After Hillary Clinton's defeat in the 2016 presidential election, New York City Mayor Bill de Blasio said he believed Clinton should have made a stronger case against income inequality.
"I thought she would eventually take a stronger position on income inequality. She could have generated more support if she had taken a stronger stance, and done it sooner," de Blasio said in 2016, according to an interview with author Joseph Viteritti in a new book, "The Pragmatist: Bill de Blasio's Quest to Save the Soul of New York."
"Although I opposed the DLC (the pro-Bill Clinton Democratic Leadership Council) and its centrist politics, I had real hope for Hillary," de Blasio said, according to The New York Post.

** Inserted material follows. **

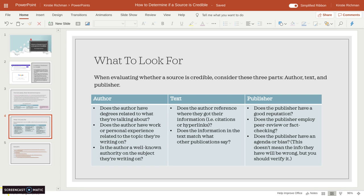Lastly, the publisher. Does the publisher have a good reputation? Does the publisher employ peer review or fact-checking? And does the publisher have an agenda or bias? Now, even if they do have an agenda or bias, it doesn't mean the information is inaccurate — it just means you may want to verify it to make sure they're not putting so much of a slant on it that you're not getting the whole picture. So just because it has a bias doesn't mean it's ruled out, but just be aware of that.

In the book, author Viteritti said that de Blasio's late endorsement of Clinton must have been "soul wrenching" due to his support for his "philosophical compatriot," Clinton's Democratic opponent Sen. Bernie Sanders, I-Vt., the Post reported.
De Blasio was Clinton's campaign manager when she successfully ran for senator in New York in 2000, but he admitted that tensions in the campaign existed then. "There was a split within the campaign between the progressives and the moderates, and the latter won out," the New York City mayor said.
Clinton praised de Blasio on Friday, giving him credit for his work toward universal pre-schools. "Bill's work on universal pre-school was especially important to me and I strongly supported it when he was advocating for it," Clinton said in an interview on WNYC's "Brian Lehrer Show."